# [What the task requires]
Return the lines beginning at the one that contains "Pesawat AirAsia Airbus" and running to the end of the records, exactly and with nothing else. Omit pictures.

# [Provided records]

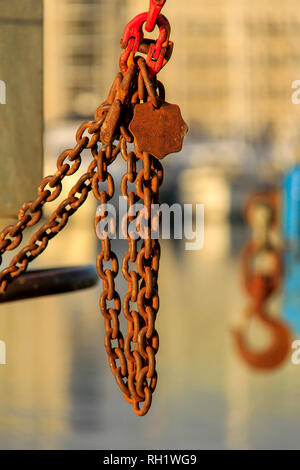 Crane shackles, hooks and rusty chain with blurry background Stock Photo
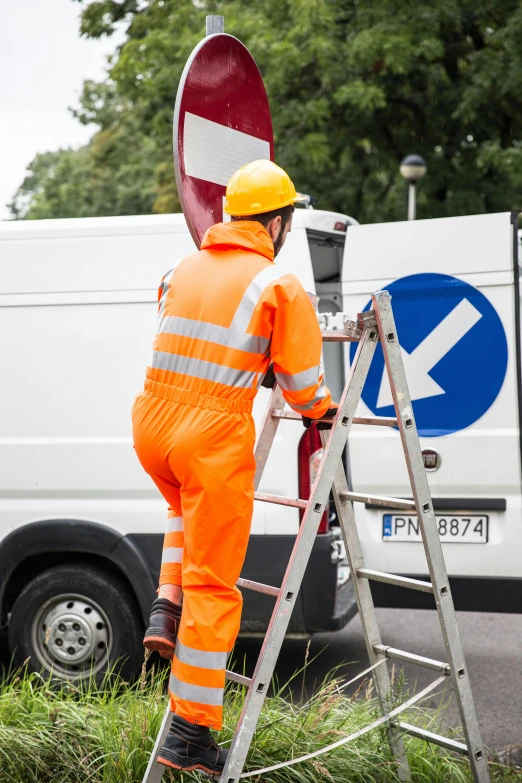 a man in orange overalls and a yellow helmet climbing on a ladder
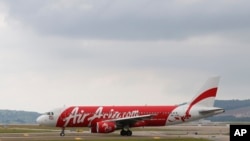 Pesawat AirAsia Airbus A320-200 di KLIA2, Sepang, Malaysia, 26 November 2014. (Foto: dok. AP)
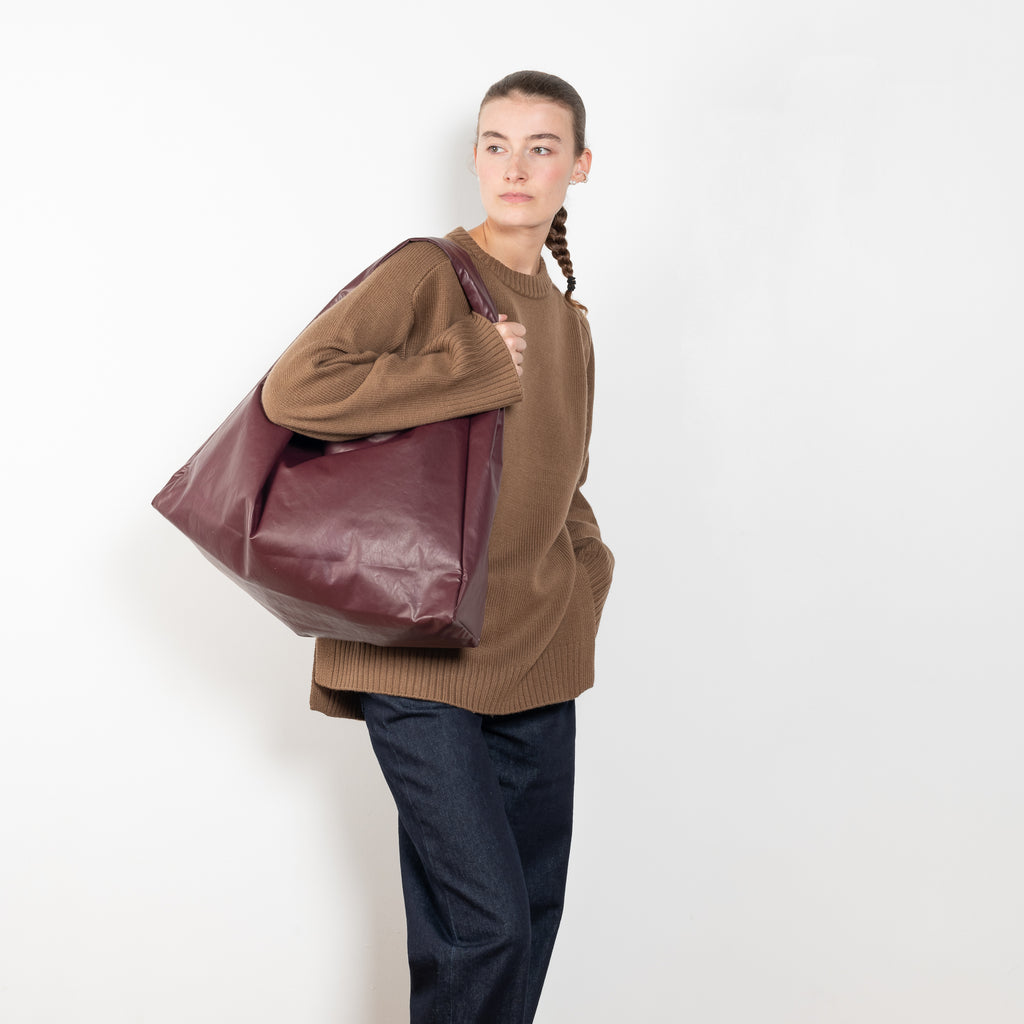 The Tote Shoulder Oil by Kassl Editions is crafted from the signature oil coated cotton-blend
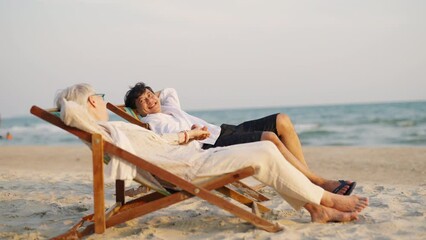 Wall Mural - Happy Asian family senior couple enjoy outdoor lifestyle on summer beach holiday vacation at the sea. Elderly retired man and woman relaxing on beach chair and holding hands together at summer sunset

# [Response]
 Pesawat AirAsia Airbus A320-200 di KLIA2, Sepang, Malaysia, 26 November 2014. (Foto: dok. AP)
 The Tote Shoulder Oil by Kassl Editions is crafted from the signature oil coated cotton-blend
 Wall Mural - Happy Asian family senior couple enjoy outdoor lifestyle on summer beach holiday vacation at the sea. Elderly retired man and woman relaxing on beach chair and holding hands together at summer sunset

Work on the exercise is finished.